La vision verte portée par Denis Sassou-Nguesso
Cette riposte s’ancre dans la trajectoire prônée par le président Denis Sassou-Nguesso, défendue dans la bibliographie de l’économiste congolais Michel Innocent Peya. Dans son ouvrage phare, l’auteur décrit « une foi écologique » qui transcende les engagements volontaires pour devenir devoir citoyen.
Peya rappelle que la préservation de la biodiversité du bassin du Congo protège aussi les filières paysannes, l’équilibre climatique mondial et l’attrait d’investissements verts. Son plaidoyer a déjà valu au pays plusieurs distinctions internationales, renforçant l’image d’un État solution dans l’espace forestier mondial.
Innovations et initiatives locales
À Mayoko, des jeunes formés par l’Agence congolaise de la faune ont lancé des patrouilles communautaires équipées de GPS gratuits fournis par une ONG allemande. Les équipes signalent en temps réel les mouvements suspects, facilitant les interpellations et le marquage des zones impactées.
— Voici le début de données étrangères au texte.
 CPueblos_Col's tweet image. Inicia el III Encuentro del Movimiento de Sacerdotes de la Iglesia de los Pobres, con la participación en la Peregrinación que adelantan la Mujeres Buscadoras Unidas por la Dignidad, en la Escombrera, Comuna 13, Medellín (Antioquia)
Plus au nord, à Kellé, des étudiantes de l’Université Marien Ngouabi testent un biofiltre à base de poudre de charbon et de fibres de raphia capable de retirer 85 % du mercure présent dans l’eau de ruissellement, selon des analyses partagées avec le Centre national de recherche.
La société pétrolière nationale a, de son côté, financé un projet pilote de reboisement de 300 hectares de galeries forestières dégradées, avec un objectif de séquestration de 180 000 tonnes équivalent CO2. Une bourse carbone locale est en cours de structuration.
Vers la COP30 et au-delà
Belém abritera la COP30 en novembre prochain. La délégation congolaise souhaite y valoriser les propositions formulées par Peya dans « Position et propositions communes des pays en développement », notamment la création d’un fonds dédié aux grands bassins tropicaux.
Selon le ministère de l’Économie forestière, cet instrument financerait la surveillance satellitaire, la promotion d’alternatives économiques et l’expansion de la cuisson propre, autant de mesures capables de freiner la déforestation tout en améliorant les conditions de vie rurales.
Pour y parvenir, les autorités entendent conjuguer répression ciblée et incitations vertes. « L’or doit rester un atout, pas une malédiction », résume un conseiller environnemental. Dans l’attente, chaque villageois vigilant, chaque chercheur et chaque décideur devient sentinelle de la vision verte congolaise.